The parliament also approved ratification of an Africa Union protocol that paves way for a new policy and laws to take care of elderly persons, pensioners and their families through direct government and community support.

“For example on financial support, this new policy will not only financially support the pensioners but even their family that takes care of them, which is different from what we have been doing,” Parliament committee on Unity, Human rights and fight against Genocide said.

Light Moments in Parliament

The year 2020 was not all ‘bad’ for parliament –it was full of opportunities, debates and ideas that changed the face of the country in many ways.

Rwanda was selected to host the Inter-Parliament Union (IPU) assembly in 2021 in Kigali.

Established in 1889, the IPU is a global organization of national parliaments which empowers parliaments and Members of Parliaments to promote peace, democracy and sustainable development.

Rwanda is one of the 179 national parliaments that make up the current IPU membership and was selected to host the lucrative event during the digital IPU Governing Council meeting from 1 to 4 November 2020.

Meanwhile, MP Suzanne Mukayijore was elected to represent Rwanda at the Pan African Parliament.

Mukayijore filled in the gap that was left behind by former MP Ignatienne Nyirarukundo who was appointed to the Ministry of Local Government as Minister of State in charge of social welfare.

She will join other four legislators- MP Marie Mediatrice Izabiliza, Fidele Rwigamba, and Senators John Bonds Bideri, and Pelagie Uwera.

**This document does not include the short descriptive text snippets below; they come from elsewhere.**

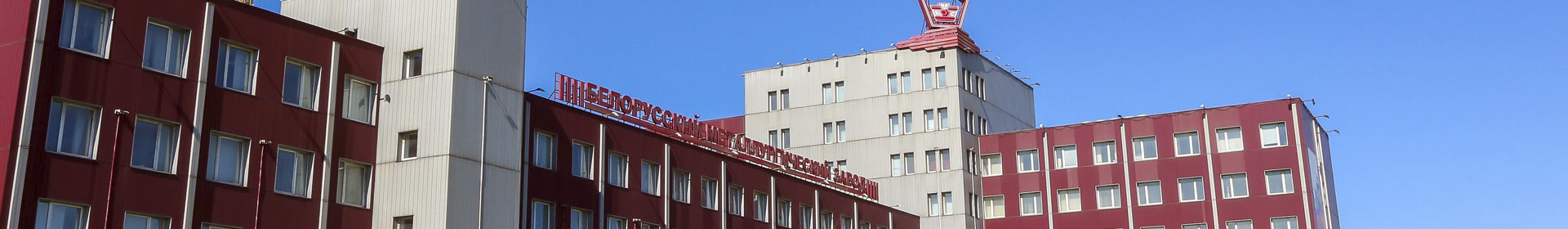 Белорусский металлургический завод - управляющая компания холдинга Белорусская металлургическая компания ОАО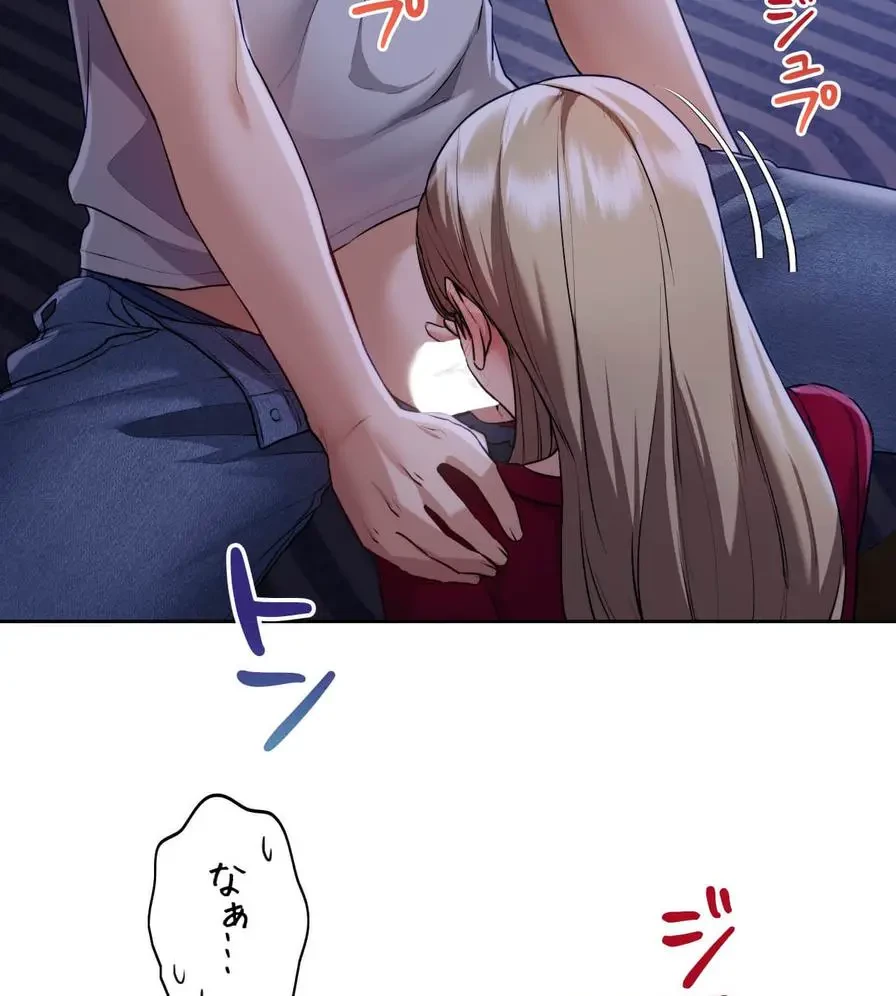 推しにしか勃たないモノが、友だちの巨乳ママに勃っちゃった!? 第4話 - 97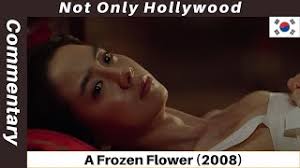a frozen flower 2008 audio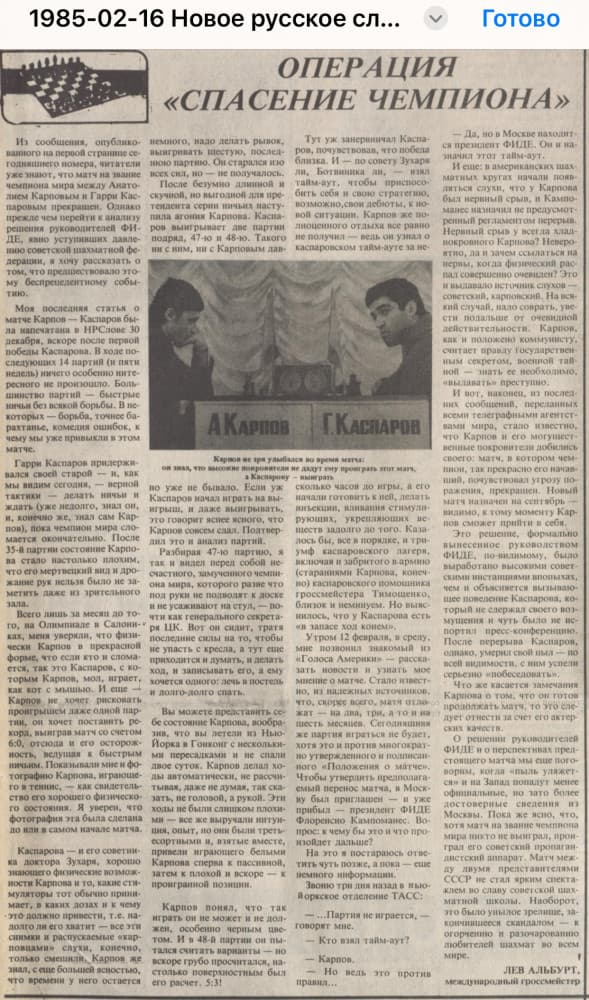 Газеты с заголовками о матчах Карпова и Каспарова, 1985 год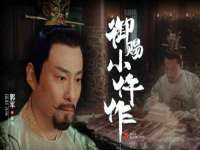 北京护亿康商贸有限公司
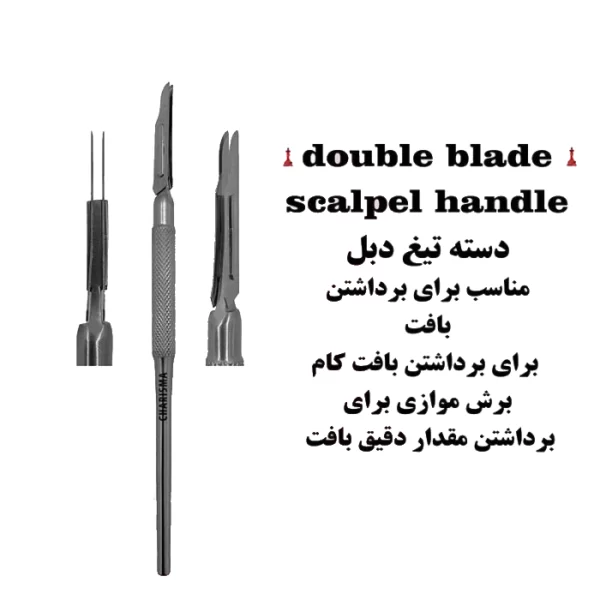 دسته تیغ دبل (دوتیغه) کاریزما ( دسته بیستوری )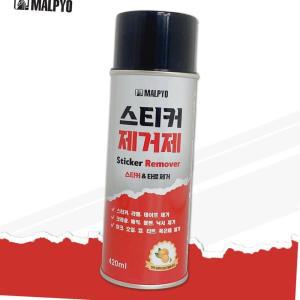 말표 스티커제거제(420ml) 3172 타르스프레이 껌 낙서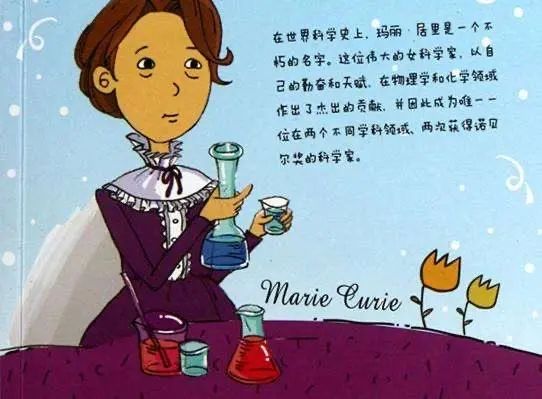 居里夫人是哪个国家的（居里夫人简介）-第5张图片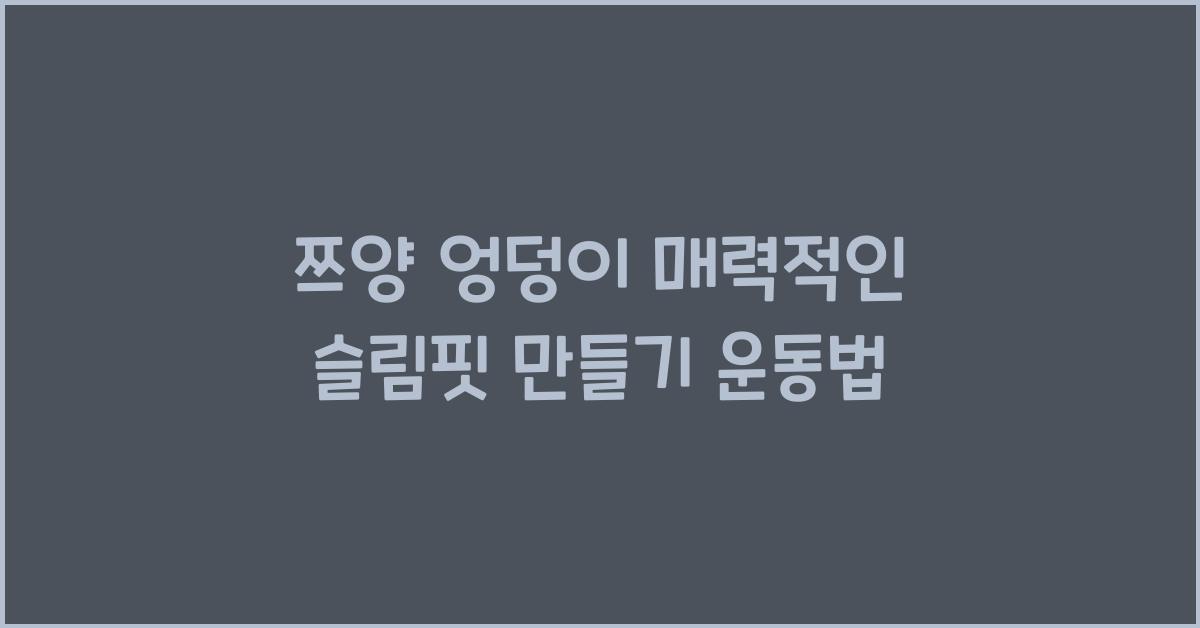 쯔양 엉덩이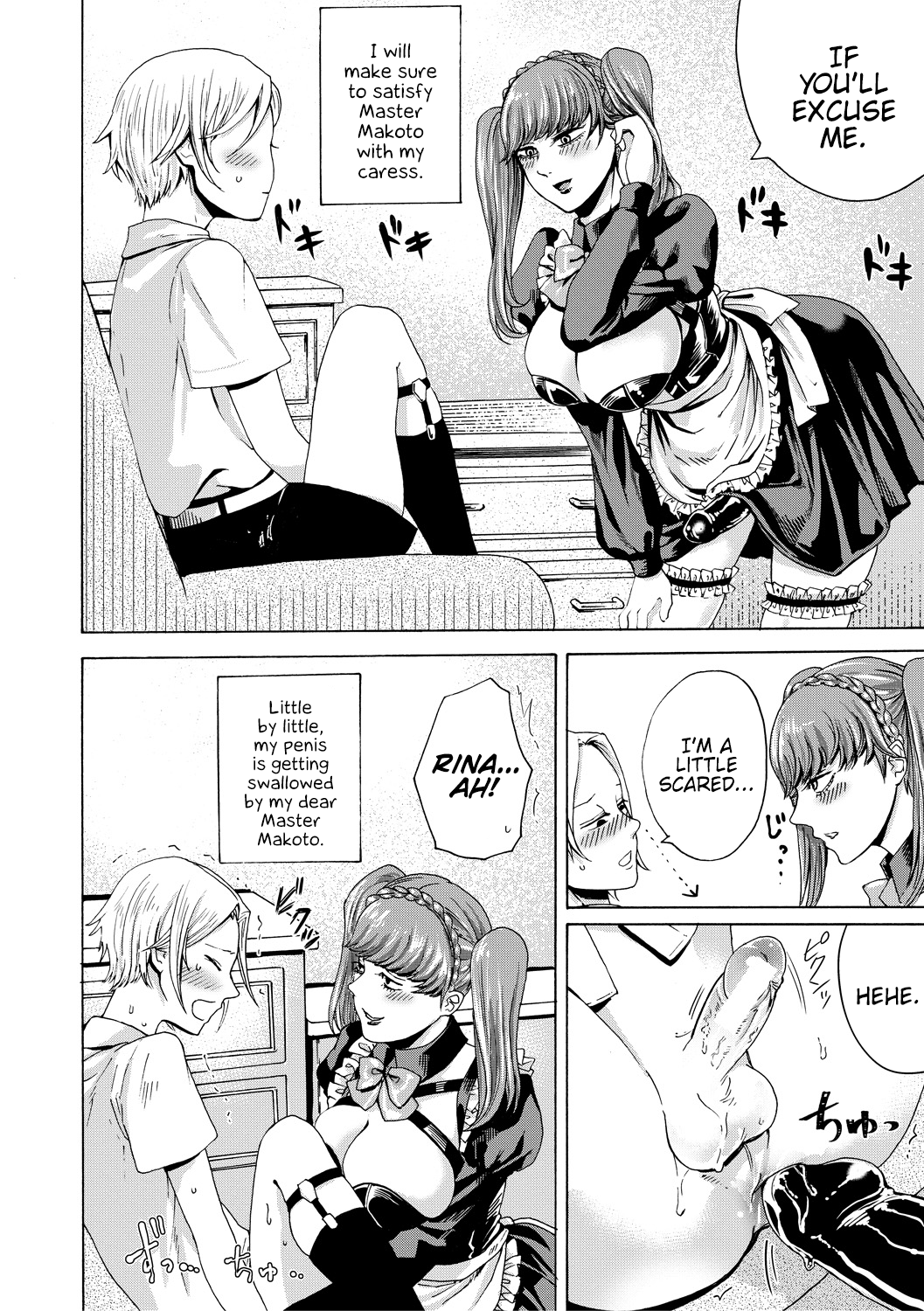 Do S Jyoshiryoku  (Chapter 01)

The parliament was also this year triggered to debate when it learnt that some civil servants were not in position to take oath on the National Flag due to personal beliefs.

Members of parliament spent three hour of debate on various aspects of the bill determining new functions and regulations guiding the civil services, but more arguments arose over the articles 9 to 13.

For example, the bill stated that a public servant takes oath while holding the national flag with left hand and raising the right hand with a stretched palm or if disabled takes an oath wearing the flag, and if public servant who refuses to take oath, he or she is dismissed from public service.

MPs were not convinced with the limitations in the above articles of which some said was not inclusive and blocking Rwanda as a country opening its boundaries to the rest of the world.

MPs said that with such a modality the law may limit Rwandans with several religious beliefs.

“I think the law should give chance to religious people who may want to join the civil service but because of their religious belief may allow them to take an oath on a flag or religious books,” said MP Suzanne Makayijore.

However MP Eugene Barikana didn’t buy this idea. He said that the constitution would be violated in such a case and thus suggested that the labour commission, which hires government employees, does a pre-assessment of the qualified applicants.

The bill was later passed but it was a memorable moment for parliament to share their perspective on divide in state and religious matters.